TEOLOG GŁĘBI I CAŁOŚCI
Łacińskie słowo summa oznacza rzecz najważniejszą, a w znaczeniu teologicznym określa całość prawd wiary i nauki chrześcijańskiej[8]. W nawiązaniu do tradycyjnych, scholastycznych summae theologiae (sum teologii) kardynał Müller dokonał współczesnej wersji sumy teologii w swoim monumentalnym dziele:Katholische Dogmatik. Für Studium und Praxis der Theologie[9].Z rozczłonkowanych i zróżnicowanych dyscyplin i traktatów teologicznych utworzył jeden, solidny, spójny i harmonijny gmach teologii katolickiej. Fundamentem tej budowli, a zarazem ogniwem jednoczącym poszczególne tematy teologiczne, jest dla niego samoobjawienie się Trójjedynego Boga, przekazane przez osobę i historię Jezusa z Nazaretu i mające na celu zbawienie ludzi. „Ludzki podmiot ja, a właściwie ludzka rodzina my znajduje się w relacji do Boga przez wiarę” - wyjaśnia Müller. I dalej: „Więź człowieka z Bogiem umożliwia pośrednictwo Jezusa Chrystusa, a urzeczywistnia się ona przez Ducha Świętego w Kościele. W związku z tym, mamy trzy główne misteria wiary chrześcijańskiej: misterium Trójcy, Wcielenie, [zbawienie jako] obdarzenie człowieka Duchem i łaską (Geistbegabung/Begnadung). Tym tajemnicom są przyporządkowane trzy kręgi tematyczne: teologia [w ścisłym znaczeniu] – chrystologia – antropologia”[10].

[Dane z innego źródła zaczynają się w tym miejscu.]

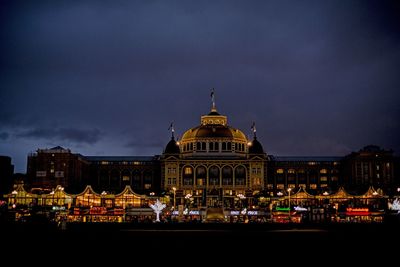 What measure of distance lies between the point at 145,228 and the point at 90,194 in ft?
165

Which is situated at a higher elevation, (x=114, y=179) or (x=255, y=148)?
(x=255, y=148)

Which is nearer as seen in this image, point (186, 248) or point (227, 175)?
point (186, 248)

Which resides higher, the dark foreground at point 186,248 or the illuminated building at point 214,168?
the illuminated building at point 214,168

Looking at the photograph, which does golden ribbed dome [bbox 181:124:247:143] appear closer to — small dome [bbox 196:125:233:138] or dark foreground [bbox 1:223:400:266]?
small dome [bbox 196:125:233:138]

Kardynał Müller jako teolog głębi i całości przeciwstawia się pokusie rozczłonkowania i samowystarczalnej specjalizacji wiedzy, pokusie, która w poetycki sposób zostaje wyrażona w Fauście Goethego ustami Mefistofelesa, ironicznie pouczającego ucznia:
„Rzecz w tym: kto wiedzy pragnie sprostać,
musi się najpierw z duchem rozstać,
a wtedy złowi treść w zawiązku —
niestety! bez dusznego związku”.
Tymczasem Müller szuka związku pomiędzy fragmentarycznymi, naukowymi twierdzeniami. Zdobywając wiedzę, nie chce rozstawać się z duchem – jak mówi Goethe, lecz sięga do podstawy i fundamentu każdego prawdziwego twierdzenia, którym jest ostatecznie Duch Boży, nazwany przez Jezusa Duchem Prawdy. Dlatego kardynał Müller stale odwołuje się do tego, co Bóg objawił i przekazuje przez Ducha Prawdy w dostępny dla nas sposób. Sięga do głębi fundamentów, określając przy tym najważniejszą zasadę każdej odnowy: „Jeżeli same fundamenty domu są zagrożone, to nie możemy zajmować się meblami”[11].
ZAKOŃCZENIE
Słowo Boże poucza nas, że człowiek widzi tylko to, co zewnętrzne, Bóg zaś zna serce człowieka. Jeżeli tak, to musimy powiedzieć, że nie znamy głębi i bogactwa wnętrza dzisiejszego doktora honoris causa kardynała Gerharda Ludwiga Müllera. A jednak patrząc jedynie na to, co dla nas zewnętrzne, możemy stwierdzić, że jest on wyjątkowym człowiekiem i jednym z najwybitniejszych, współczesnych teologów. W swoim życiu i twórczości wpatrzony jest nieustannie we wcielone Słowo Ojca. Zauważa, że Jezus z Nazaretu nie głosi zwykłych teorii i nie pozostawia rzeczy takimi, jakie one są, lecz prawdziwie odnawia stworzenie, głosząc nawrócenie, które jest możliwe dla wszystkich[12].
Społeczność akademicka Papieskiego Wydziału Teologicznego we Wrocławiu dziękuje dzisiaj kardynałowi Gerhardowi Ludwigowi Müllerowi za jego teologię głębi i całości, i za posługę teologa najbliższą życiu w komunii Kościoła katolickiego oraz pragnie uhonorować go najwyższą godnością akademicką.
Et nunc Reverendissime Doctorande, veni ad lauream!